Is electrical wiring the next Internet superhighway? A number of proponents say "yes," and they're aiming to make the power grid a third access choice (after cable and DSL) for broadband service providers.

At a series of meetings in Brussels, the week of June 10, several organizations dedicated to power line communications (PLC) stated their case. Included were the PLCforum, the Power Line Communications Association, the PLC Utilities Alliance (no Website), and the United Power Line Council, each of which vowed to increase attempts to convince regulators and utilities worldwide to start commercial rollouts.
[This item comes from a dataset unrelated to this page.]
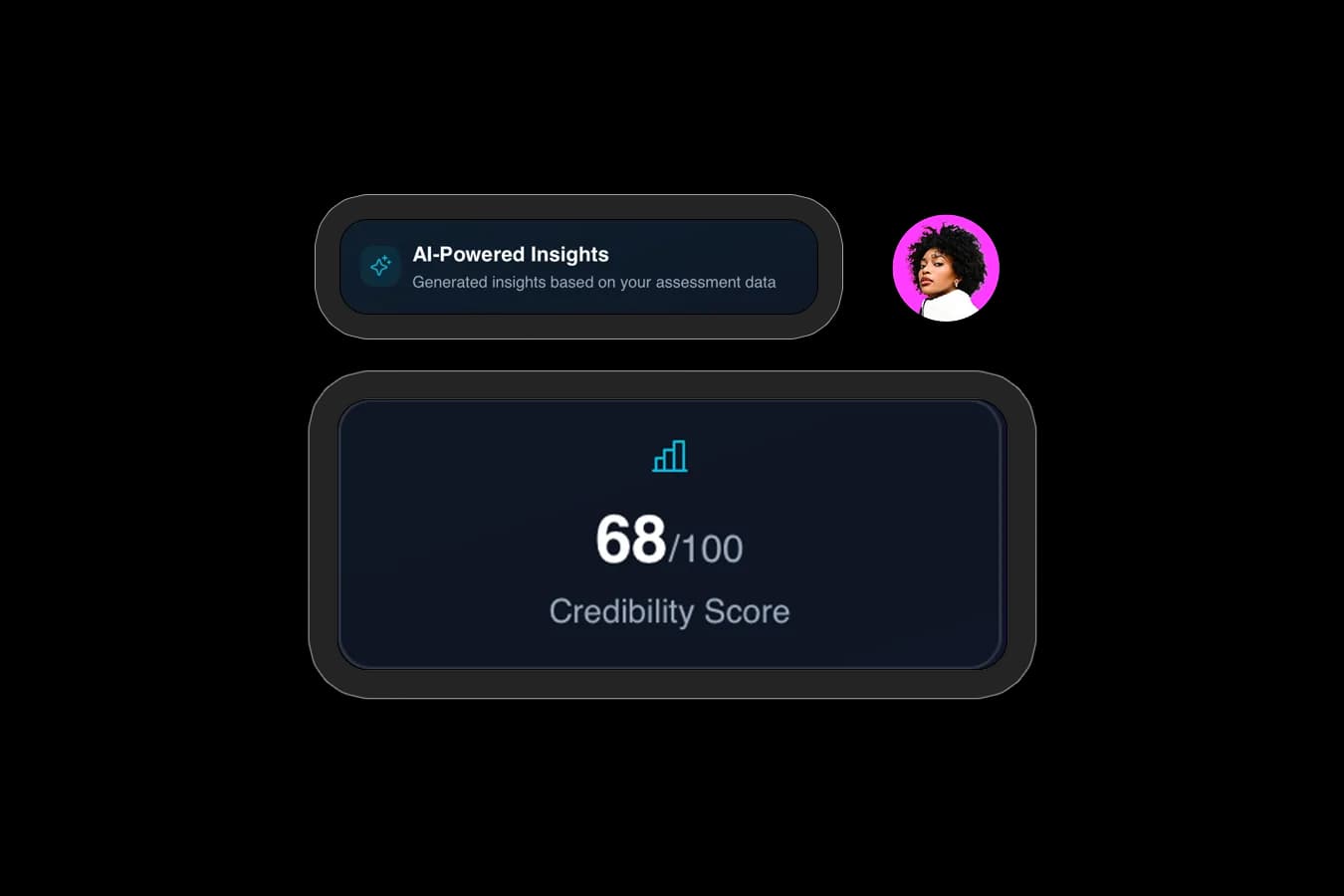 AI-Powered Insights notification stacked above a 68 out of 100 Credibility Score card, with a deal-team avatar alongside.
Enthusiasm for PLC is evident in plans emerging from the Belgian conference: Specifications for high-speed (over 100 Mbit/s) techniques are in the works. Groups such as the International Telecommunication Union (ITU) have been contacted. A trial project called OPERA, led by Iberdrola, one of Spain's largest utilities, is set to take place over the next couple of years and involve more than 39 European partners, with an estimated budget of €26 million. The European Commission has been enlisted for local access talks with regulators.
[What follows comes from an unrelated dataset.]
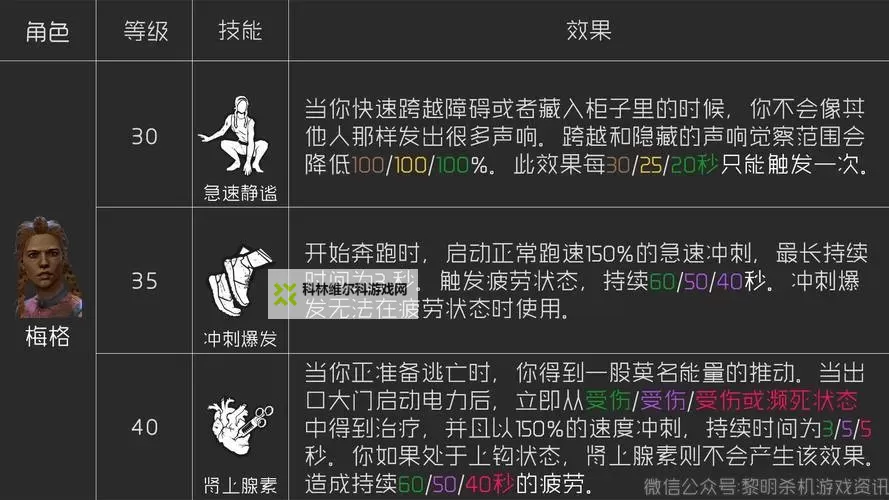 《黎明杀机》幸存者救人方法技巧解析 被挂钩了应该做什么图1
The concept of running data over electrical wiring isn't new. For several years, it's been among the "out there" technologies that work but never quite take off commercially -- like plastic optical fiber or fiber through the sewers.

The chief techniques for PLC, which is also known as broadband over power lines (BPL), involve sending radio frequencies over power lines and picking them up with wireless gear or special equipment linked directly to the power grid.
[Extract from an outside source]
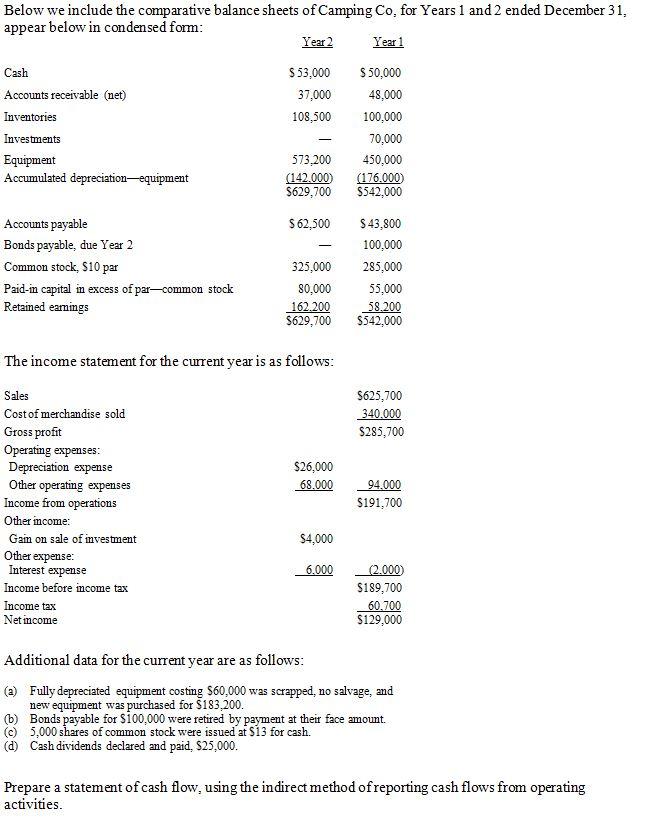 Below we include the comparative balance sheets of Camping Co, for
It's a neat concept that's said to work well. But commercial deployments are scarce, limited to a handful of European offerings that include about 15,000 to 20,000 paying customers. Stateside, the Federal Communications Commission (FCC) is looking into the technology, but regulatory issues abound, since most U.S. utilities can't offer services unrelated to energy provisioning without first launching unregulated subsidiaries.

A couple of U.S. utilities, most recently Pennsylvania's PPL Corp., have been interested in PLC enough to trial it. PPL's reportedly planning a trial for this year, though spokespeople called there didn't confirm this at press time.

"The penetration [of PLC] is negligible," says senior analyst Seth Libby of Yankee Group. "It's a very promising idea, though." Yankee isn't forecasting a market yet, but after four years of tracking the technology's progress, the level of activity has picked up considerably over the past few months, Libby says.

Utilities are intrigued with the idea of adding an alternative source of income to their rosters, Libby asserts, and ISPs like the idea of having a choice for broadband wholesaling that doesn't include cable operators and telcos.

A growing range of vendors also like the concept of PLC. Agilent Technologies Inc. (NYSE: A) is investigating the technology and has joined the PLCforum. Amperion Inc., backed in part by Cisco Systems Inc. (Nasdaq: CSCO), has captured attention with a wireless PLC product set. Wireline solutions are offered by Main.net Communications Ltd.

If enthusiasm counts for anything, PLC should get a considerable boost from it all. But the key to future success will be commercial offerings. Libby of Yankee says we'll see more of those this year, such as PPL's in Pennsylvania. The trial outcomes, in turn, will help determine the fate of PLC. If it can be offered as a viable alternative to DSL and cable Internet, the future may be bright. If rollout costs aren't feasible, PLC may fade into obscurity.